Damn, how long has it been since he called Calvin that? How long since he’s felt this vulnerable, a man-sized shell of a body containing a five-year-old desperate to crawl into his father’s lap for tea and cartoons.
“Are you okay?” Calvin looks down, probably to check the time. “Are you at work?”
“Ye-Yeah,” Wes stutters, smiling with all the muscles that’ll cooperate.
“Mrs. Rossi good?”
Wes doesn’t know. She’s taken another unplanned day off. Technically, he’s in charge, but he has the slightest faith Ella and Cooper won’t burn the store down in the next ten minutes.
“Yeah, she’s fine.”
Calvin hums; the camera shifts until Wes gets an up-close-and-weird view of him. He’s always been strange about FaceTime. He doesn’t understand the concept of keeping the phone still or what to do when the picture freezes and always holds the lens too close, as if it’ll make the moment more personal rather than awkward.
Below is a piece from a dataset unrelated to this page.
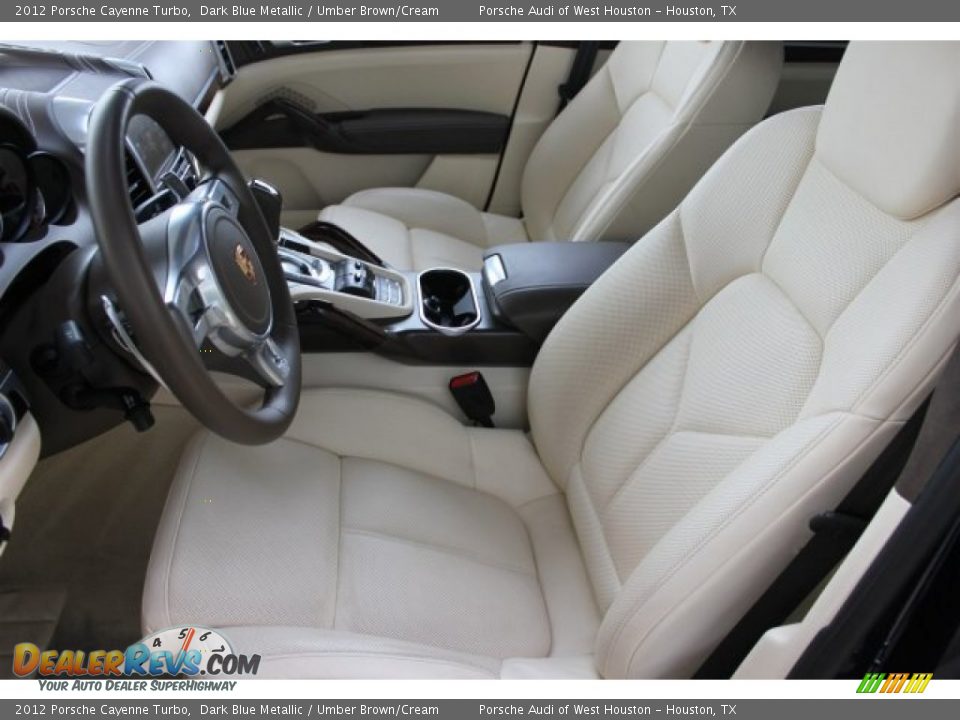 2012 Porsche Cayenne Turbo Dark Blue Metallic / Umber Brown/Cream Photo #18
“How’s the restaurant?” Wes asks, killing time until he can corral courage.
“Good, good. But I can’t wait to get back home. They’ll be fine without me here.”
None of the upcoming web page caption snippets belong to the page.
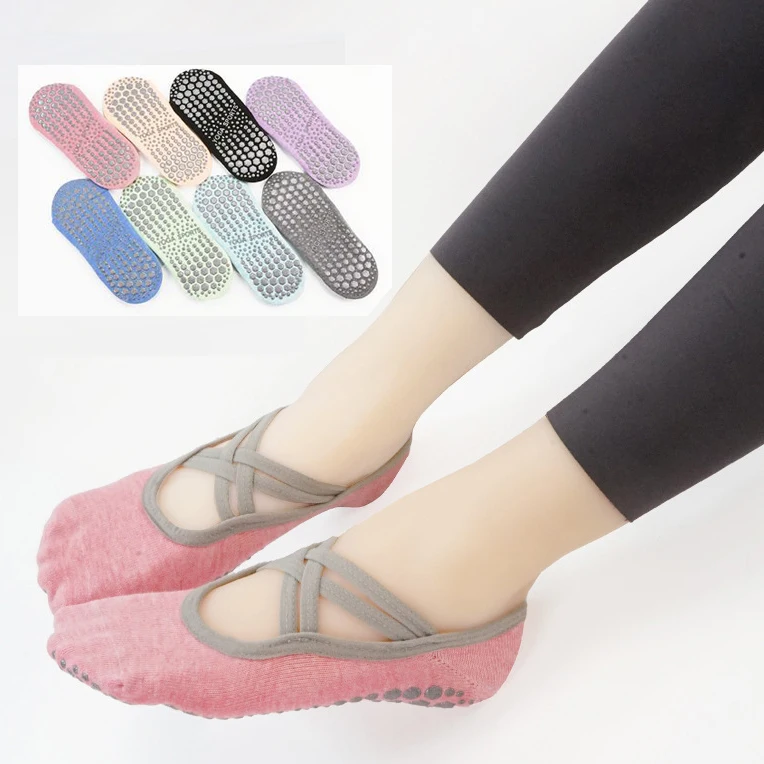 Women Pivot Barre Dot Silicone Cotton Yoga Socks Non-slip Grip No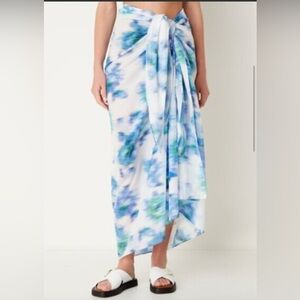 Ted Baker Rectangular Cotton Beach Sarong Blue multi 72 x 52 NWT Floral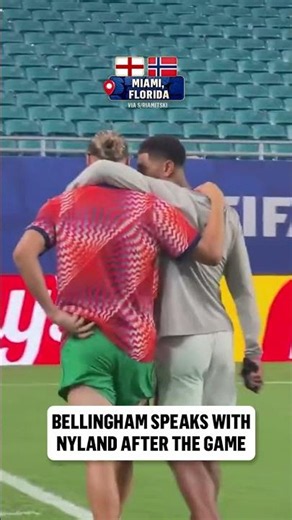 Jude Bellingham and Norwegian keeper Ørjan Nyland shared a moment after their matchup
Wes loves the confidence in Calvin’s voice. It’s taken him years to get to the point where he trusts anyone else to manage one of his projects.
“Did you get my texts?”
This is the point Wes’s been avoiding. For weeks, he’s kept Calvin on hold. Or he’s skirted the subject of school. But after talking to Leo, he knows this is what he needs to do. Thankfully, Leo’s got his back. He even offered to call their parents for Wes.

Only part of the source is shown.